Another literary casualty of the ailing market, the International Poetry Forum (IPF) in Pittsburgh will cease its poetry programming after this season, the Pittsburgh Post-Gazette reported. Poet Sam Hazo, who founded the IPF in 1966 and serves as director, announced the shuttering of the organization at a reading last Wednesday.
The IPF lost a significant portion of its funds when the value of its stock portfolio dropped by 25 percent as a result of the market collapse. Only able to cover about a quarter of its annual budget with revenue from event ticket sales, the majority of the organization’s funding has come from nonprofits and private donors, who have also suffered financially and are unable to provide the support necessary to keep the IPF running.
“Last year at this time, I believed we had at least two more years of life if we didn't raise a penny, then the market took a hit,” Hazo said at Wednesday’s reading. “There's no foundation money to be had.”
Over the years, the organization sponsored nearly six hundred poetry readings and performances in Pittsburgh, as well as in northern Virginia and Washington, D.C. The IPF also operated the program Poets-In-Person, which sent poets into Pennsylvania schools and partnered with University of Pittsburgh Press to publish poetry collections through the Pitt Poetry Series.
The Forum will continue to upgrade its Web site, a project that has already been funded, to include audio archives of its public readings.
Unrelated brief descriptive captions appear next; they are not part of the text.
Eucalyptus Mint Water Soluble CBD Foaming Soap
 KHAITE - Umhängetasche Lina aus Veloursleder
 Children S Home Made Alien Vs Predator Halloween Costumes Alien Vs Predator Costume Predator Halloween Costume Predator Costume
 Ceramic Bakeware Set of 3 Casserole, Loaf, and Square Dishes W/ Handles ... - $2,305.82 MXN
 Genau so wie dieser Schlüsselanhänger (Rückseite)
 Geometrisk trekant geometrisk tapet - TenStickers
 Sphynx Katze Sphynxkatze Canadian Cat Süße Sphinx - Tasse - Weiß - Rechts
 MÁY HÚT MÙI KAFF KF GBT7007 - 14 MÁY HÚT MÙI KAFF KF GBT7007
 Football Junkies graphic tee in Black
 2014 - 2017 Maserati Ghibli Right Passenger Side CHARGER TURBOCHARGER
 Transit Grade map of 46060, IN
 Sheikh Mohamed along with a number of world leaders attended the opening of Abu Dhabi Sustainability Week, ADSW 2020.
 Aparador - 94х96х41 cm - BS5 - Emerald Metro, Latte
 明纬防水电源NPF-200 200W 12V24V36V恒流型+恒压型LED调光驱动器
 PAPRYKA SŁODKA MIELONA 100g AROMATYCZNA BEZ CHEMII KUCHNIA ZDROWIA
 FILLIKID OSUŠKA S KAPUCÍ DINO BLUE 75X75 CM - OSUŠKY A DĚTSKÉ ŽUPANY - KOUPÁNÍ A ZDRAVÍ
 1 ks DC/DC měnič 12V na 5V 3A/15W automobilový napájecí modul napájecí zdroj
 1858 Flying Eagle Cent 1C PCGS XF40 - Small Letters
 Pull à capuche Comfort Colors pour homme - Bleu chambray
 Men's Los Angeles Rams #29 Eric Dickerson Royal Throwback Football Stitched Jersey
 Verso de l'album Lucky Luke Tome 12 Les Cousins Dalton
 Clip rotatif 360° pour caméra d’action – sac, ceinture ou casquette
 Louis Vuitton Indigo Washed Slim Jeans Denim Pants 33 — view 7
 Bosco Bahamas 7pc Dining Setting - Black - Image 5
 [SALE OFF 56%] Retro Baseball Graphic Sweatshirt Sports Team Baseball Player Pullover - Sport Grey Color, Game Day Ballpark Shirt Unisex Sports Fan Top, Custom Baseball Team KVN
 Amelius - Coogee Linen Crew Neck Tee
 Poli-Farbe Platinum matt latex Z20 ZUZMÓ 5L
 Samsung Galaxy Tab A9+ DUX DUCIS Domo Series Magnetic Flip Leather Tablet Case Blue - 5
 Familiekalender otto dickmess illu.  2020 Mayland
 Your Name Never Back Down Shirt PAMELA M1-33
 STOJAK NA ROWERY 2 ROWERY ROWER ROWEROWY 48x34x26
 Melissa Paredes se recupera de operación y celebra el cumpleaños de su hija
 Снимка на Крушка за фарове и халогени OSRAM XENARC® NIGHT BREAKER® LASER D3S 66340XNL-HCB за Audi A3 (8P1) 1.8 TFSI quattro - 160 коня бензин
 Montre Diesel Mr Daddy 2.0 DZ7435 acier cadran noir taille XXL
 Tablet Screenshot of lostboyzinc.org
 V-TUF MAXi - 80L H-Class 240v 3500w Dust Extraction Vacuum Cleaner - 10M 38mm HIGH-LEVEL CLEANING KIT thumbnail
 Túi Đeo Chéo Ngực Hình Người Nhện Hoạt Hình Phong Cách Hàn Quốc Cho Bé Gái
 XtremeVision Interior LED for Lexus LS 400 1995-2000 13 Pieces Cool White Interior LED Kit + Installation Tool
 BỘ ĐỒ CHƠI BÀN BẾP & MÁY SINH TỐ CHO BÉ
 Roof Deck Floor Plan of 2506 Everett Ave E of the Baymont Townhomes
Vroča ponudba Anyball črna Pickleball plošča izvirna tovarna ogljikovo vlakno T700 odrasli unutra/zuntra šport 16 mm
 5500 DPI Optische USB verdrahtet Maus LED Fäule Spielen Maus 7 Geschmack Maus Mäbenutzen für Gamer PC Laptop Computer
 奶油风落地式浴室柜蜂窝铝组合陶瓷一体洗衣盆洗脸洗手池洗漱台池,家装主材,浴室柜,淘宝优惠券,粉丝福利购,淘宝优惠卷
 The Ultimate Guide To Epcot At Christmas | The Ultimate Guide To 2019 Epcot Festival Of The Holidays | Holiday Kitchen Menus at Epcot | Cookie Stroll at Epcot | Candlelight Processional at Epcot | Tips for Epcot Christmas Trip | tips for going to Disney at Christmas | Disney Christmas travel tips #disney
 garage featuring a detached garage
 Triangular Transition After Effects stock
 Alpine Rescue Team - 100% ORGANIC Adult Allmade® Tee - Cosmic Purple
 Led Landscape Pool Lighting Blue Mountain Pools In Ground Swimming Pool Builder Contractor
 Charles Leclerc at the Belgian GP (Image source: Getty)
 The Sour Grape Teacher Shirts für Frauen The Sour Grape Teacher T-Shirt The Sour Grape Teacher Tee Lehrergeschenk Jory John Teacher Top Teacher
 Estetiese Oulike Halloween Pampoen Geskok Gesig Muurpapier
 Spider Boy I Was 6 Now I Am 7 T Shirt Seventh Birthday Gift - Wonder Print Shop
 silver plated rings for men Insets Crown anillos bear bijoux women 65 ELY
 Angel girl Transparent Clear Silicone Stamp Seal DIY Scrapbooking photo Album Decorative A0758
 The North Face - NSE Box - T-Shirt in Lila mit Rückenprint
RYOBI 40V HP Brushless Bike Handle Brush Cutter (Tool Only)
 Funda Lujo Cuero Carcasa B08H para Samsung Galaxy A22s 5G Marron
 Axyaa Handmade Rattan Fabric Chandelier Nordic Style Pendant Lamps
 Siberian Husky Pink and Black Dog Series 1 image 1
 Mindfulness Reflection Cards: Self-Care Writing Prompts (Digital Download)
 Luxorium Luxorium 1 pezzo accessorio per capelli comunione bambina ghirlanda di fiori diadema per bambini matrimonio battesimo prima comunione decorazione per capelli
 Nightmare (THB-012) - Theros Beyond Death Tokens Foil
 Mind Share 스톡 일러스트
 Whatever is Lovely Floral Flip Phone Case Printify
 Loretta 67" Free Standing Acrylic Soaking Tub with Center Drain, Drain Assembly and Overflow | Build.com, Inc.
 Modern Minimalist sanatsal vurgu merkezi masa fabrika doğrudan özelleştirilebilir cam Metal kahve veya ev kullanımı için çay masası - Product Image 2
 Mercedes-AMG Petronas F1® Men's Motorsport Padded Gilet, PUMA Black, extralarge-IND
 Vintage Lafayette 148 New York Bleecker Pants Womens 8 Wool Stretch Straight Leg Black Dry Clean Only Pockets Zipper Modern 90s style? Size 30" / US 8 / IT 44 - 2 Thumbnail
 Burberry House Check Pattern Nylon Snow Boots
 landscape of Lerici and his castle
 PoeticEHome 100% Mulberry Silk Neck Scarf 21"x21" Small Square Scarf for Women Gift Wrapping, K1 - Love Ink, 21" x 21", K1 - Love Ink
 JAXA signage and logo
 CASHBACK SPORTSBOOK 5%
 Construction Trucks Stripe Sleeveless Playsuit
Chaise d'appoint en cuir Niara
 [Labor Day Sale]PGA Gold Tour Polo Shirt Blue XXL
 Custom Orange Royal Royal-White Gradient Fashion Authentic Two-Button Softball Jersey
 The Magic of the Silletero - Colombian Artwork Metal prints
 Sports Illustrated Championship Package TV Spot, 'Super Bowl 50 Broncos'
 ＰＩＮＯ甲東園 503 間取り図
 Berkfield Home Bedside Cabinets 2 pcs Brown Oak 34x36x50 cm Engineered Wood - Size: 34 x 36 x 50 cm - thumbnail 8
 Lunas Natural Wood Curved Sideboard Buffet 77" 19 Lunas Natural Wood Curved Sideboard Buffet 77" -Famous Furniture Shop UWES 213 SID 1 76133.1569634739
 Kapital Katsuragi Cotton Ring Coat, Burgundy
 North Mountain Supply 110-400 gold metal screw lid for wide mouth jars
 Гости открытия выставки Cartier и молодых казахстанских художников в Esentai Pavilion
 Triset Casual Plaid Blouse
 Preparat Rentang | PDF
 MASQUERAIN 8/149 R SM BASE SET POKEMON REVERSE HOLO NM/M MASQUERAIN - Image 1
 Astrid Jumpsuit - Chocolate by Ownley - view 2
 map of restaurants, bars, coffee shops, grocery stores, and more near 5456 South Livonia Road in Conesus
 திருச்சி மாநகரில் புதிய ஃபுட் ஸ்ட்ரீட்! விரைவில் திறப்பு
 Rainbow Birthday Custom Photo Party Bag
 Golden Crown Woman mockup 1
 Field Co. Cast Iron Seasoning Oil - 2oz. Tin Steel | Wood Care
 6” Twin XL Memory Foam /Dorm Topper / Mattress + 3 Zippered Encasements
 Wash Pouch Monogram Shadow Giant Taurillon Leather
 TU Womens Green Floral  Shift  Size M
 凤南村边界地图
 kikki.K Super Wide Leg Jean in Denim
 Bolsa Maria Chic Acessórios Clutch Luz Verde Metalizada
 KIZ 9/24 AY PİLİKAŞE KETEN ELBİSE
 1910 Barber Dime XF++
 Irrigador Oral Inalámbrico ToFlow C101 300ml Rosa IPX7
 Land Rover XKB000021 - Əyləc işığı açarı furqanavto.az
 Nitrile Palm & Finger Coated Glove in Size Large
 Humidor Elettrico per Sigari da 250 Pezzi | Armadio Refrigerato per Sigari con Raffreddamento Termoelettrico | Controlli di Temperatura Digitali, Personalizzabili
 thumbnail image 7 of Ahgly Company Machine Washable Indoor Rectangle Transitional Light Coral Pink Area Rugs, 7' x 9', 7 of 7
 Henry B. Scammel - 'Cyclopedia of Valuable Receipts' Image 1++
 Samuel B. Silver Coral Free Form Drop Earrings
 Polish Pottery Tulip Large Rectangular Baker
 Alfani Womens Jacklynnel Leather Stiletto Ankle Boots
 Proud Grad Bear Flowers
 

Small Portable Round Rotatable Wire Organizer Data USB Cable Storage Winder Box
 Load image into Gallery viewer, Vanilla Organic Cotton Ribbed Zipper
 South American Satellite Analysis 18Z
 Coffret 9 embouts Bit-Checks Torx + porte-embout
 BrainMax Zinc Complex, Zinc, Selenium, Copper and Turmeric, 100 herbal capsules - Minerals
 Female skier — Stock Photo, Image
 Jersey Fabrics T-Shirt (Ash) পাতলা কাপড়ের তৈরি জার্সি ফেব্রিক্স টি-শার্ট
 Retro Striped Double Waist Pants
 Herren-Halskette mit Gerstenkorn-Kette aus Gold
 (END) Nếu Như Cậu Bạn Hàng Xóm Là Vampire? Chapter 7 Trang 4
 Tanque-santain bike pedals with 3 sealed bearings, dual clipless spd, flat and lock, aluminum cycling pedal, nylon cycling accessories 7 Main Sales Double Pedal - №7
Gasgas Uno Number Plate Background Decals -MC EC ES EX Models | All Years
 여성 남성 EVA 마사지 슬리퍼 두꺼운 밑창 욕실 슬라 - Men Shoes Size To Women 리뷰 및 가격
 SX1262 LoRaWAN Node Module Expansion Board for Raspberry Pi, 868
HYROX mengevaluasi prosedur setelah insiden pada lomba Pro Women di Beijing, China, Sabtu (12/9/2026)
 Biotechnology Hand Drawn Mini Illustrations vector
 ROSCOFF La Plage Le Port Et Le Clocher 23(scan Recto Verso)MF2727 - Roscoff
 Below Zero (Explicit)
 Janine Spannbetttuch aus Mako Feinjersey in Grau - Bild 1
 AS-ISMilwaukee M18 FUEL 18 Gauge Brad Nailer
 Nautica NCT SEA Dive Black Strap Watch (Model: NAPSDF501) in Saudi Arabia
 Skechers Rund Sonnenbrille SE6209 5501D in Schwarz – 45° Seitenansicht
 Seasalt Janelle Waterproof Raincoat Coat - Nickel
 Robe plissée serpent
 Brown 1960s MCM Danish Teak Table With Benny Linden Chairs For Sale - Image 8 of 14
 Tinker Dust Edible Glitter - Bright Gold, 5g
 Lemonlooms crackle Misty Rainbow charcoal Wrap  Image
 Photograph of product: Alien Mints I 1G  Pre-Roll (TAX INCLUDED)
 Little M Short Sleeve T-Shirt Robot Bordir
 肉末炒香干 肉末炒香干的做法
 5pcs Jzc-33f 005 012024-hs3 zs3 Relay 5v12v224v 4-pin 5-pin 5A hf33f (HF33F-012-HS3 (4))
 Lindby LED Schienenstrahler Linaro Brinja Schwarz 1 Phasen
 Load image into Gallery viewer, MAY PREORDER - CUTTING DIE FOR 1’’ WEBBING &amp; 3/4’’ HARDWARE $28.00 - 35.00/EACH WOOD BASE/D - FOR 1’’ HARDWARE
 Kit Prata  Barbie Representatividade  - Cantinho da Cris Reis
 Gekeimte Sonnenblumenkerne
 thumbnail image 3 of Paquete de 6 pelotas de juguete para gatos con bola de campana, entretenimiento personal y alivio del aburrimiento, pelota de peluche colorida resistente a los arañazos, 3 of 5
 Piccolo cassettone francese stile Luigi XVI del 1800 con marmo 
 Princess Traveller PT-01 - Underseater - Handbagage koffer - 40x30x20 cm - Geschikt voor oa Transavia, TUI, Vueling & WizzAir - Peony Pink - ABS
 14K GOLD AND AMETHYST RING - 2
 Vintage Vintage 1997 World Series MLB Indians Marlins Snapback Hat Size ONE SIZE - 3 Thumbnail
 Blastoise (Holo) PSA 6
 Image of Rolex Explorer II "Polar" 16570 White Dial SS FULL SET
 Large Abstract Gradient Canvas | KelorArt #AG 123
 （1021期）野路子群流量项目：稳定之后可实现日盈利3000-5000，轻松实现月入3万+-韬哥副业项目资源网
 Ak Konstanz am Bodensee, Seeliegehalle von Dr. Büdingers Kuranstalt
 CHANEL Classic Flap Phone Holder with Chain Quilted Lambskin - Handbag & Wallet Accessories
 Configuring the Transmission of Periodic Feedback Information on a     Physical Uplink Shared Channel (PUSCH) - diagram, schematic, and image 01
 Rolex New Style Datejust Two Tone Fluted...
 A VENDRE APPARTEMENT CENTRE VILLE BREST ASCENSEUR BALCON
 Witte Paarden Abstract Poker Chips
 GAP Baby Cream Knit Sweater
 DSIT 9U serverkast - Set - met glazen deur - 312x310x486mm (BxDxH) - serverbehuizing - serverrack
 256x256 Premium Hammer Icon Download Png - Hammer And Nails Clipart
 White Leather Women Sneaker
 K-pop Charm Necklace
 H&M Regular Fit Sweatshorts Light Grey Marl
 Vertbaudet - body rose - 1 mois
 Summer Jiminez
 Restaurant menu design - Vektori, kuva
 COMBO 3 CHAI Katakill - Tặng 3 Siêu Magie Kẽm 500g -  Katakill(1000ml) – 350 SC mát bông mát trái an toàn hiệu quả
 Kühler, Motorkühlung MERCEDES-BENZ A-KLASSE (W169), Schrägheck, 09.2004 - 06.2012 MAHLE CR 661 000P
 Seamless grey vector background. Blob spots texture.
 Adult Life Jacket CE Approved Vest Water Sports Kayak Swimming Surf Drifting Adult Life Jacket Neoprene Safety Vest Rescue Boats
Among the hundreds of poets who once participated in the readings are Richard Wilbur, Maxine Kumin, Seamus Heaney, Anne Sexton, and Yevgeny Yevtushenko. Ron Padgett and Adam Zagajewski will close the final season this spring.
“It's the end of a era,” said poet Jim Daniels, a professor of creative writing at Carnegie Mellon University. “I had never seen anything like the Poetry Forum anywhere until I came to Pittsburgh.”